> **REQUIRED WORK**: Only one stretch of the listing below is wanted. Begin at the line that has "John Denver Greatest", stop after the line that has "wholesale eco-friendly washing", and repeat every line in between exactly.

> **SUPPLIED MATERIAL**:
((
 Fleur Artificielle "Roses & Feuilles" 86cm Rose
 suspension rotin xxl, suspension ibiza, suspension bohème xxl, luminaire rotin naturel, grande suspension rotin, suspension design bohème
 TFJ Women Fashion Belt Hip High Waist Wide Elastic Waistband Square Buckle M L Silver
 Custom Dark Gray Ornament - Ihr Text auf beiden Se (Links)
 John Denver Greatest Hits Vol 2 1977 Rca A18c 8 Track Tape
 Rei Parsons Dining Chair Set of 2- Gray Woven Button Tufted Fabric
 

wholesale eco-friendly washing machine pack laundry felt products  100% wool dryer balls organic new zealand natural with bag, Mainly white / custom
))
((
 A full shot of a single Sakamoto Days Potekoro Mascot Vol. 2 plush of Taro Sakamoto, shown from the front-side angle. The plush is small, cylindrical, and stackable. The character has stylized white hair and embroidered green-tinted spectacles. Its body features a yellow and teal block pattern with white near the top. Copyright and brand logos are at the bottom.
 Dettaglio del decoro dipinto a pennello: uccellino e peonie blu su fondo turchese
))
> **OUTPUT OF THE EXERCISE**:
 John Denver Greatest Hits Vol 2 1977 Rca A18c 8 Track Tape
 Rei Parsons Dining Chair Set of 2- Gray Woven Button Tufted Fabric
 

wholesale eco-friendly washing machine pack laundry felt products  100% wool dryer balls organic new zealand natural with bag, Mainly white / custom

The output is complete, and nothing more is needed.